▸ WHAT YOU SHOULD DO
With the pictures omitted, transcribe each line below exactly as it is.

▸ DATA TO EXAMINE
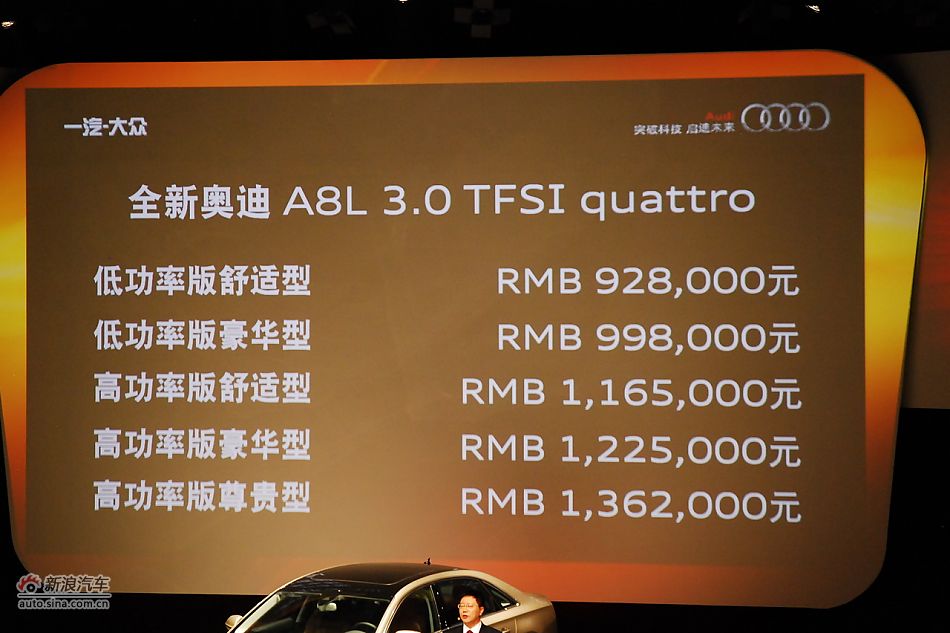 全新奥迪A8L上市实拍-奥迪A8L公布售价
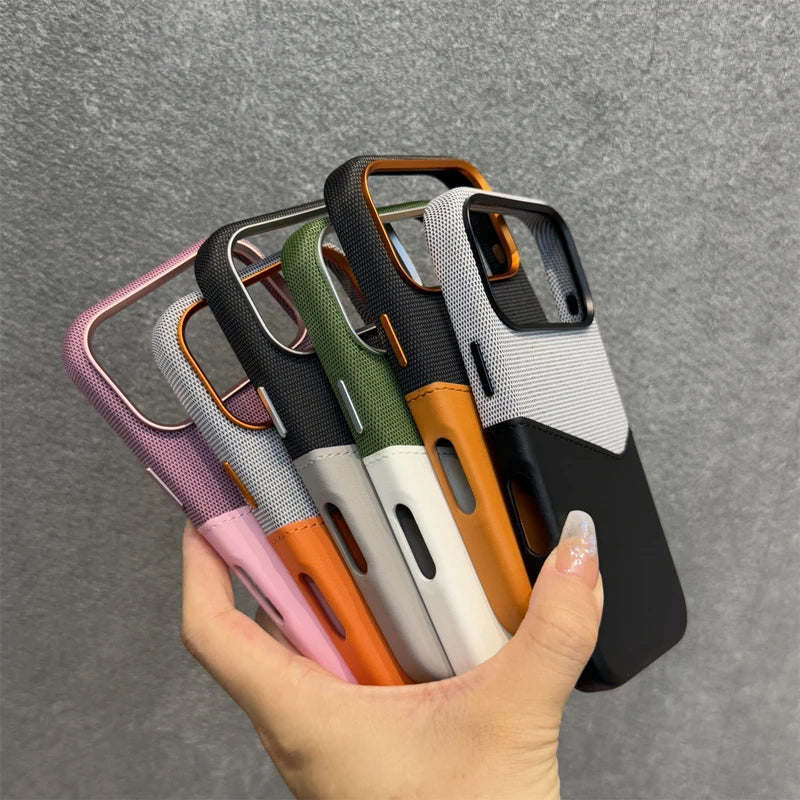 Funda para teléfono con bolsillo para tarjetas MagSafe de cuero de lino para iPhone 17 Pro Max inalámbrica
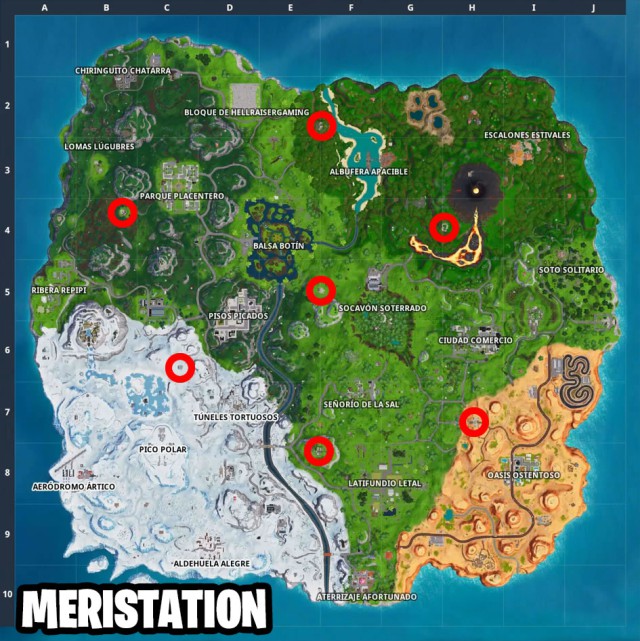 fortnite battle royale semana 1 temporada 8 desafio visita todos los campamentos piratas mapa - mapa de campamentos piratas fortnite temporada 8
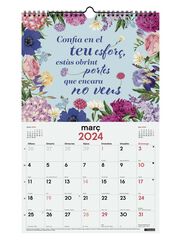 Calendario pared Finocam Esp.25X40 2024 Frases cat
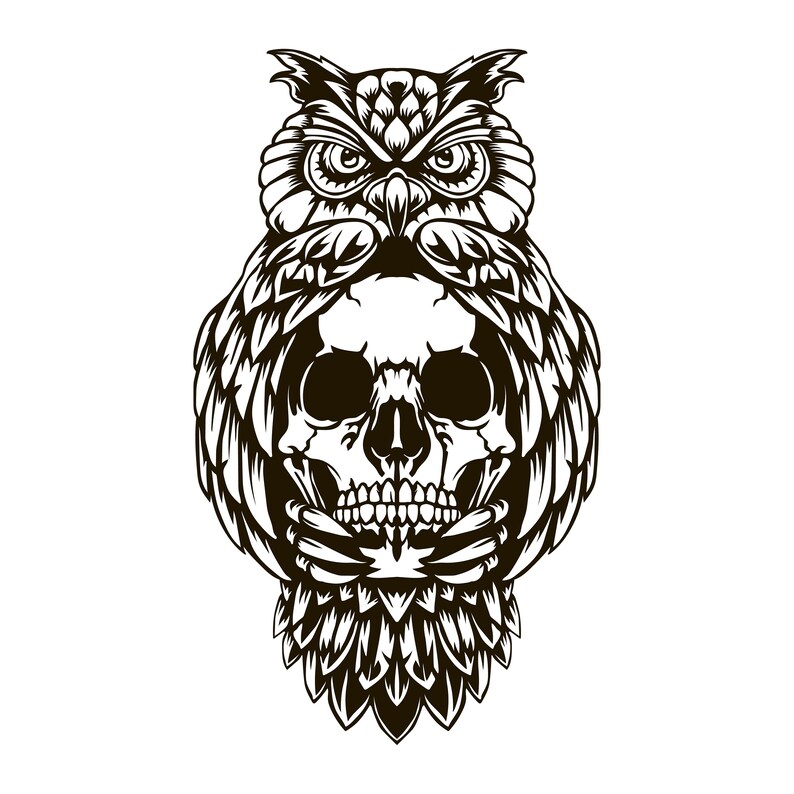Owl Skull SVG Digital file Owl Skull for printing on Etsy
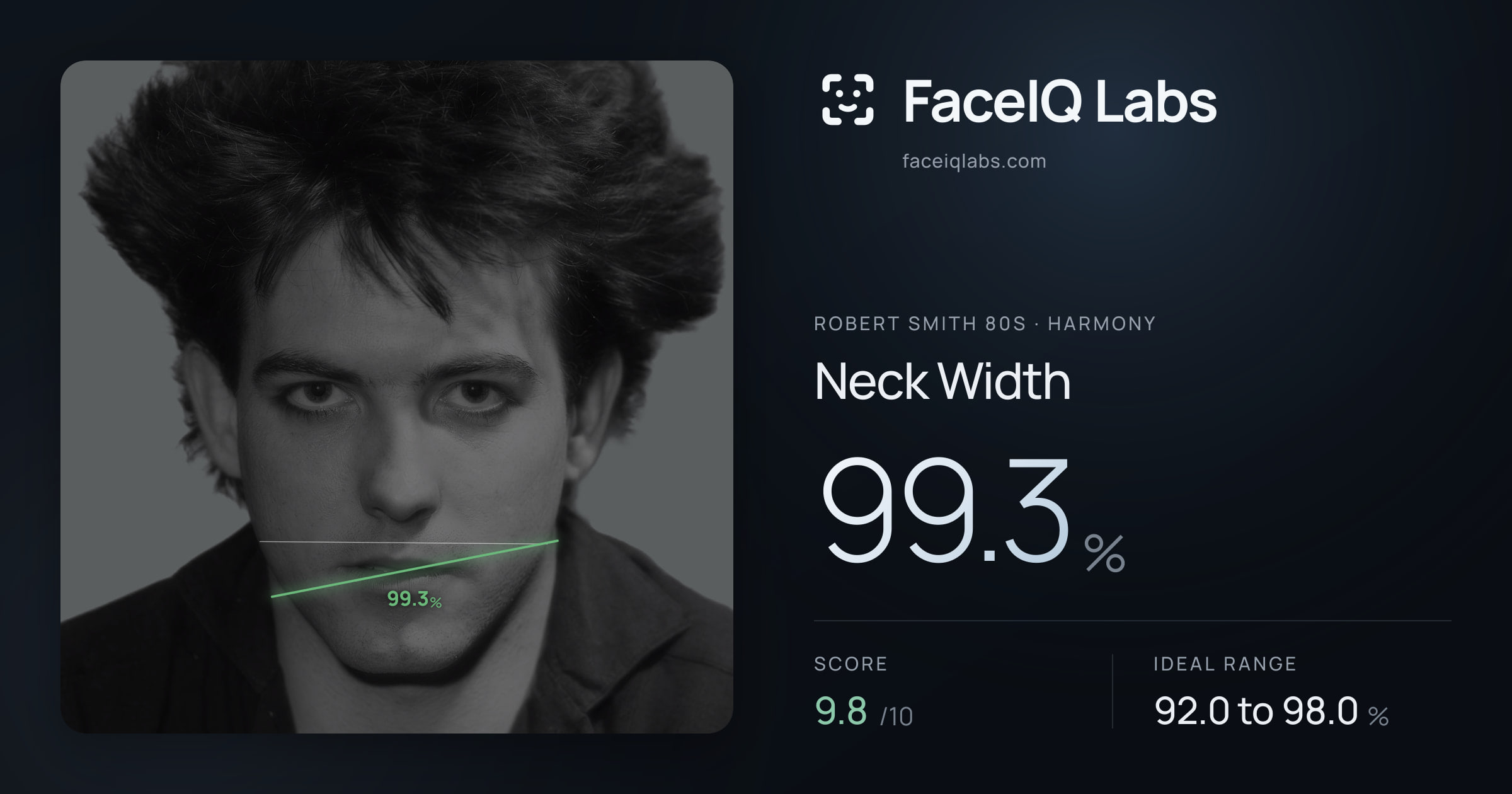 Robert Smith 80s Neck Width: 99.3%, drawn on the photo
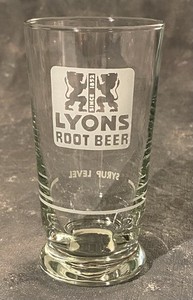 Vintage LYONS ROOT BEER soda fountain Glass W/ Syrup Level Line. 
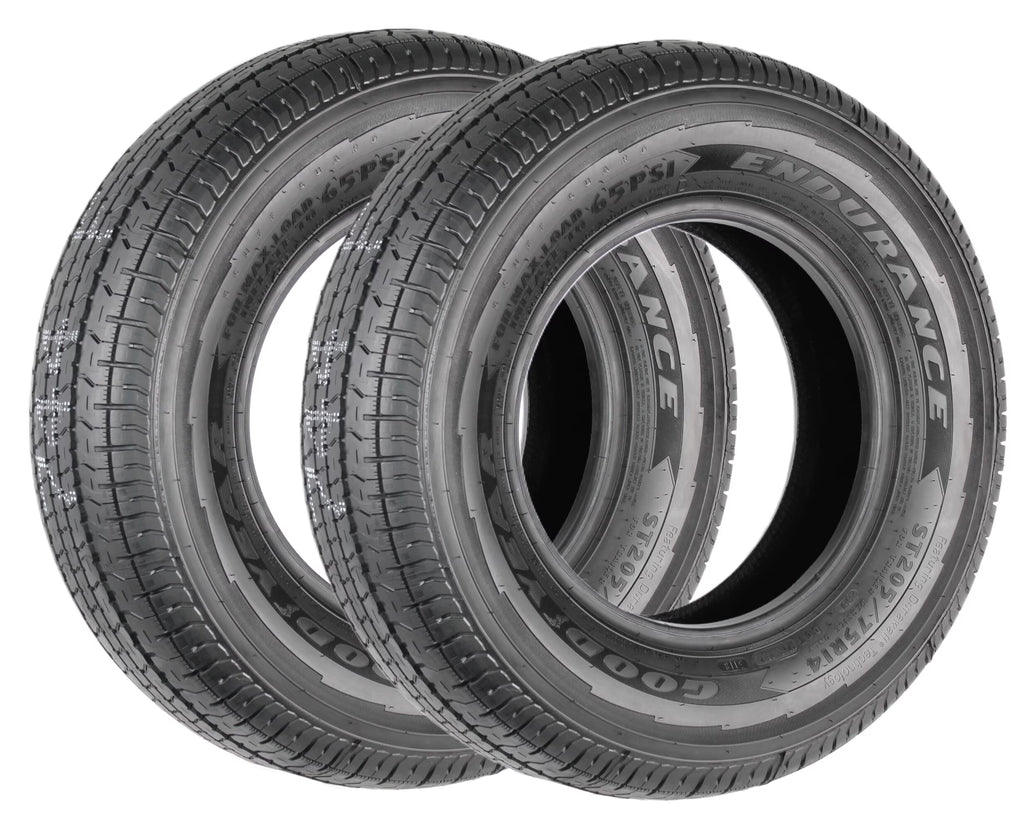 2 - Pack Fits Goodyear Endurance All-Season Trailer Tire ST205/75R14 LRD 2040 lb. 65PSI OD - 26.14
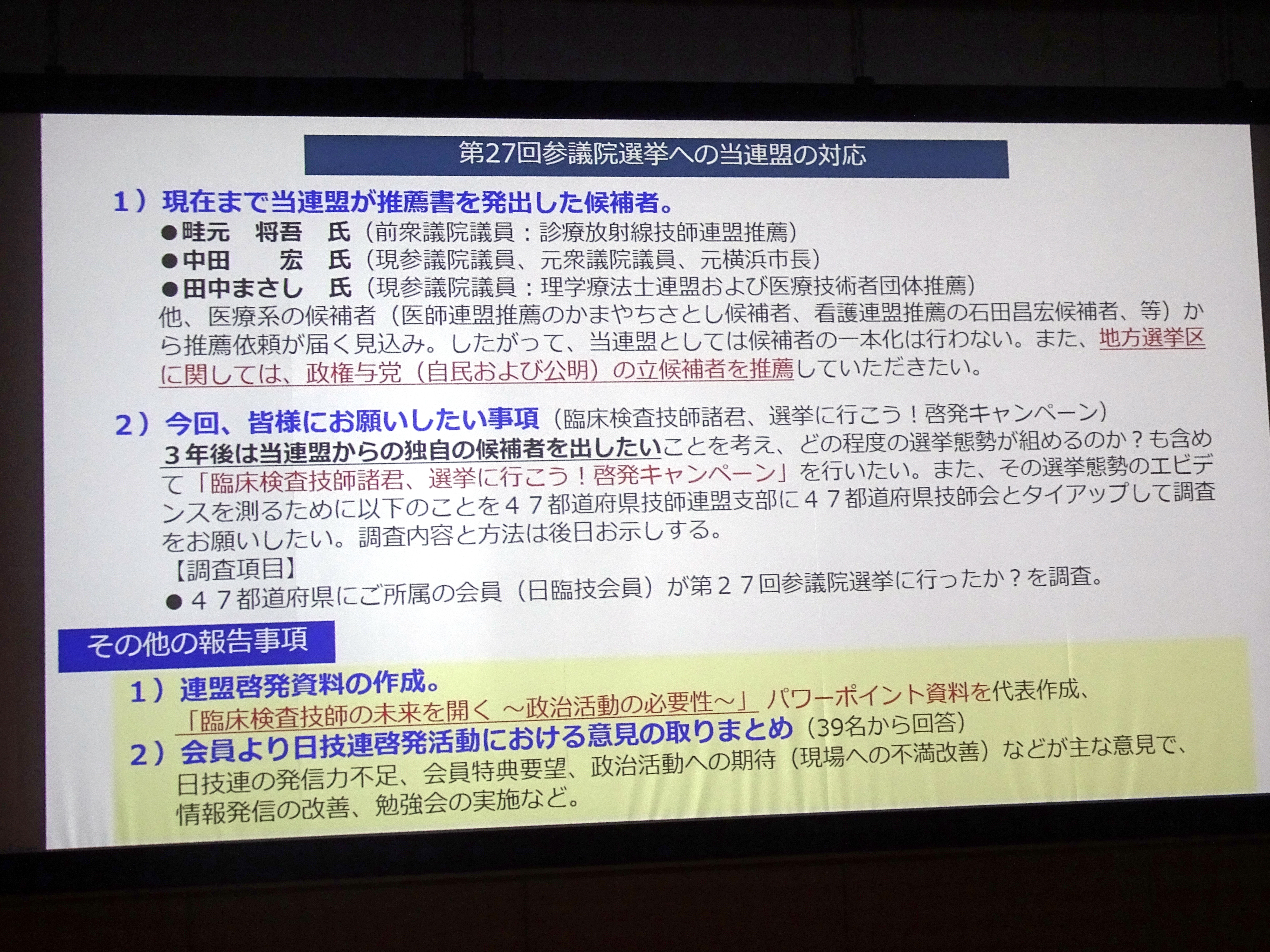 第27回参院選への連盟の対応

▸ WRITTEN SOLUTION
 全新奥迪A8L上市实拍-奥迪A8L公布售价
 Funda para teléfono con bolsillo para tarjetas MagSafe de cuero de lino para iPhone 17 Pro Max inalámbrica
 fortnite battle royale semana 1 temporada 8 desafio visita todos los campamentos piratas mapa - mapa de campamentos piratas fortnite temporada 8
 Calendario pared Finocam Esp.25X40 2024 Frases cat
Owl Skull SVG Digital file Owl Skull for printing on Etsy
 Robert Smith 80s Neck Width: 99.3%, drawn on the photo
 Vintage LYONS ROOT BEER soda fountain Glass W/ Syrup Level Line. 
 2 - Pack Fits Goodyear Endurance All-Season Trailer Tire ST205/75R14 LRD 2040 lb. 65PSI OD - 26.14
 第27回参院選への連盟の対応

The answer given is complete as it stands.